The U.S. Environmental Protection Agency (EPA) is inviting small businesses, governments and not-for-profit organizations to provide advice and recommendations about the potential impacts of upcoming standards for emissions of greenhouse gases (GHG) and volatile organic compounds (VOC) from sources in the oil and natural gas sector.
EPA is seeking self-nominations from the small entities that may be subject to the rule requirements to serve as Small Entity Representatives for a Small Business Advocacy Review (SBAR) panel. Other representatives, such as trade associations that exclusively or at least primarily represent potentially regulated small entities, may also serve as SERs, the agency said.
Representatives from the Small Business Administration, the Office of Management and Budget and EPA are also expected to sit on the SBAR panel.
The panel is to focus on EPA's development of a rule that proposes to reduce GHG emissions, including methane, and VOCs under the agency's New Source Performance Standards for the oil and natural gas industry. Self-nominations should be submitted on the EPA website by Feb. 11.
The Obama administration on Jan. 14 issued a broad spectrum plan for the industry to cut methane emissions from new and modified sources by 40-45% below 2012 levels by 2025 (see Daily GPI, Jan. 14). The main regulatory proposals are expected to come from EPA this summer, followed by final regulations in 2016.
The EPA issued standards for VOCs from the oil and gas industry in 2012 (see Daily GPI, April 19, 2012). At the time, the EPA said it wanted to give the industry more time to meet the new requirements; the agency set a deadline of Jan. 1, 2015 -- for wells drilled after Aug. 23, 2011 -- to slash VOCs using a two-step process requiring flaring followed by "green completion" equipment to capture and sell the emissions.
The EPA said recently its VOC standards, once fully implemented, would reduce 190,000-290,000 tons of VOC, and methane emissions would decrease by an amount equivalent to 33 million tons of carbon pollution per year.

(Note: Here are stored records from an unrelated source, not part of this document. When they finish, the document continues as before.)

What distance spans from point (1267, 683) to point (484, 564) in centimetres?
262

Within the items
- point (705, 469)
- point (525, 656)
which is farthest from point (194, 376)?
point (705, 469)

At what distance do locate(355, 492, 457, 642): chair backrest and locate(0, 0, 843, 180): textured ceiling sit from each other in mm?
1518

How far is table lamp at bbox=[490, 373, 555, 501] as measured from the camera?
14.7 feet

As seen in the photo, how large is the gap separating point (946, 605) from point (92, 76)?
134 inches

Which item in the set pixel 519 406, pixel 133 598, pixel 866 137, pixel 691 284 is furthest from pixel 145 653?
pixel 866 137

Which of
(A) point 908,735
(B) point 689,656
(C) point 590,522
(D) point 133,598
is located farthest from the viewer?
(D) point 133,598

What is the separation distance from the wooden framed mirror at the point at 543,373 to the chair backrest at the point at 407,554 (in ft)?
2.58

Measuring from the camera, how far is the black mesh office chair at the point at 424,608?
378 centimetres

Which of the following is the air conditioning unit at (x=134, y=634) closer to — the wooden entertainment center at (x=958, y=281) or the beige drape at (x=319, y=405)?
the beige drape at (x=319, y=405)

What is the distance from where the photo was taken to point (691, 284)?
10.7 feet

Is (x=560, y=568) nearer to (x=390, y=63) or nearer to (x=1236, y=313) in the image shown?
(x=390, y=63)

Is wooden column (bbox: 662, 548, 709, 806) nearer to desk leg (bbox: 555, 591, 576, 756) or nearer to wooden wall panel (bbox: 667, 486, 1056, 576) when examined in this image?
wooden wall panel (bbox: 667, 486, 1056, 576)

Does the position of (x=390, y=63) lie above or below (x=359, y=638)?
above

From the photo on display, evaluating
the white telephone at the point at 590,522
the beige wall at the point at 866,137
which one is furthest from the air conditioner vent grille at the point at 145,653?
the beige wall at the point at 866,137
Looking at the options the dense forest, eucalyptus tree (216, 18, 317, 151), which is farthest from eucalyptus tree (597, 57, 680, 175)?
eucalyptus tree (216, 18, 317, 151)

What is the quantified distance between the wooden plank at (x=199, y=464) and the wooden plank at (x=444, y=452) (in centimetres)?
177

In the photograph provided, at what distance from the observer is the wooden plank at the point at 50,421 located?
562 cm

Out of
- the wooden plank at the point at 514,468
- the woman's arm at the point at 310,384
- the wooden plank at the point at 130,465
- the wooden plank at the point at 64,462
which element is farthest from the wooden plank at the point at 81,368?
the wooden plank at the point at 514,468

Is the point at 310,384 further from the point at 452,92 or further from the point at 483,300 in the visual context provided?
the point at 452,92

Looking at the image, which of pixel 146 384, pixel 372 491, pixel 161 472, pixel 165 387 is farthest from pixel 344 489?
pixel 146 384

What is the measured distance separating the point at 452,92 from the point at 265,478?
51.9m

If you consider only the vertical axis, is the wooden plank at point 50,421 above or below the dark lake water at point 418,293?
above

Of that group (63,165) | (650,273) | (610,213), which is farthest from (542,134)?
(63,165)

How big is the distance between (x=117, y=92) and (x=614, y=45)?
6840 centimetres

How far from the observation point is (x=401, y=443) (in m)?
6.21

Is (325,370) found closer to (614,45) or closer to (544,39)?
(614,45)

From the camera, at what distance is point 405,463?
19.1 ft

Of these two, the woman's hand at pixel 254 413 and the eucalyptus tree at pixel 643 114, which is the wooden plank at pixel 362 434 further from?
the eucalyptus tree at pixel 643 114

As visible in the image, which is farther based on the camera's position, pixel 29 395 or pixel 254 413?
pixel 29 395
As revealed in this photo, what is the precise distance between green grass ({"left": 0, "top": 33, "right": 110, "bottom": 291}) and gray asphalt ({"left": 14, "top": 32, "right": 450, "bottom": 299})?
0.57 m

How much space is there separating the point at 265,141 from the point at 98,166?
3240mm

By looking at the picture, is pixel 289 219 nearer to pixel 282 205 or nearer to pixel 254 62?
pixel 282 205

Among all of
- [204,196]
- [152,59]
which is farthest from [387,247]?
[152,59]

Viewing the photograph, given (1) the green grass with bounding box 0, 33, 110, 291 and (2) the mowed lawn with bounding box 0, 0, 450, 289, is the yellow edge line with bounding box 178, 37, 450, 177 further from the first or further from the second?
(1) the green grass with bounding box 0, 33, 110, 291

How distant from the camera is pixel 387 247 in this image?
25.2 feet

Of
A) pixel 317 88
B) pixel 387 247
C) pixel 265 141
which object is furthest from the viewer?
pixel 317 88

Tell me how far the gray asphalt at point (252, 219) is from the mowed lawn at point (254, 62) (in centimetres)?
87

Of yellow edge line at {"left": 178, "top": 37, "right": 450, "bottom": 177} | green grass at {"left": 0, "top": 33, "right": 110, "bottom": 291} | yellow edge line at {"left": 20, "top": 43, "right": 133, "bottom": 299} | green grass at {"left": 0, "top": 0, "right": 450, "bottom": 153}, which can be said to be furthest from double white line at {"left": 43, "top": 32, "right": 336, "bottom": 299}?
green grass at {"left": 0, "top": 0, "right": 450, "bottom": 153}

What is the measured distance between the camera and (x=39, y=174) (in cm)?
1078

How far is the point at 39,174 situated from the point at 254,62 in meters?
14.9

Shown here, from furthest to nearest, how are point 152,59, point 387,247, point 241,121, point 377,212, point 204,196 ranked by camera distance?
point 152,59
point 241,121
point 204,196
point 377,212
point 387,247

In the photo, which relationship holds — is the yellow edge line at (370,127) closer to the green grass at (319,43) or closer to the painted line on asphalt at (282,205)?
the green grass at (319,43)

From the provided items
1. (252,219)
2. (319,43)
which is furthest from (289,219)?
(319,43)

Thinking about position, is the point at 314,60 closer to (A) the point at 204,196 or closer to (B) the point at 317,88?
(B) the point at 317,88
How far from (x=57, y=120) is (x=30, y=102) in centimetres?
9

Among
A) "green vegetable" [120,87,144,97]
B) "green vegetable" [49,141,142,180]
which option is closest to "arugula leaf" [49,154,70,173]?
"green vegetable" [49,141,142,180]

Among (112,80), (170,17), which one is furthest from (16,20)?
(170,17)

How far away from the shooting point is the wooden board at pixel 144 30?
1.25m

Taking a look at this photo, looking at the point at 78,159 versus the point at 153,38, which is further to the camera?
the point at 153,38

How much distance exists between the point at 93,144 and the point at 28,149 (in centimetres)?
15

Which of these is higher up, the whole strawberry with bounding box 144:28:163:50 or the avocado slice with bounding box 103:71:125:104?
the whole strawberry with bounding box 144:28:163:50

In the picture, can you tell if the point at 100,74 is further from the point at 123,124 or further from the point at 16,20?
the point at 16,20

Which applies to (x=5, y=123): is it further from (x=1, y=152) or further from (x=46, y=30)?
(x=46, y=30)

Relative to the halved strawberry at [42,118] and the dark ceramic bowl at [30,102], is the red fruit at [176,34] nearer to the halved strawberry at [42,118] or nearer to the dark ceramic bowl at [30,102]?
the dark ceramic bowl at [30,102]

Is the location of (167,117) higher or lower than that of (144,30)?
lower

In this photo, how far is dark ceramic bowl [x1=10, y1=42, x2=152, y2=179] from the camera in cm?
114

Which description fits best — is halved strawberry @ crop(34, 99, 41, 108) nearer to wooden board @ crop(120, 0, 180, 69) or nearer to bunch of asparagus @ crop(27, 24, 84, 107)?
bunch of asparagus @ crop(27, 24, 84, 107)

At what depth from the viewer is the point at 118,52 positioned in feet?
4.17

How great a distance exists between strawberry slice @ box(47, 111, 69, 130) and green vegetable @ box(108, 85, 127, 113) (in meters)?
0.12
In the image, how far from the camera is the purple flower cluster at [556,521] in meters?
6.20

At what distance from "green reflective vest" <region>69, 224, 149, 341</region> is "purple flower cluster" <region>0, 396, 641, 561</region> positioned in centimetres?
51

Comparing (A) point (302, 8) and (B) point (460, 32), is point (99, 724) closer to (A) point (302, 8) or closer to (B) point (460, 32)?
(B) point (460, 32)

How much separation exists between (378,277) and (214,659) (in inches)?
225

Last April, the EPA released five technical papers on methane and VOC emissions from the oil and gas industry (see Daily GPI, April 15, 2014). The papers summarized the agency's research to date on compressor stations; completions and production from hydraulically fractured wells; leaks; liquid unloading, and pneumatic devices. EPA used the papers, along with the input received from the peer reviewers and the public, to identify potential common sense, cost-effective approaches to achieve emission reduction from these sources," the agency said.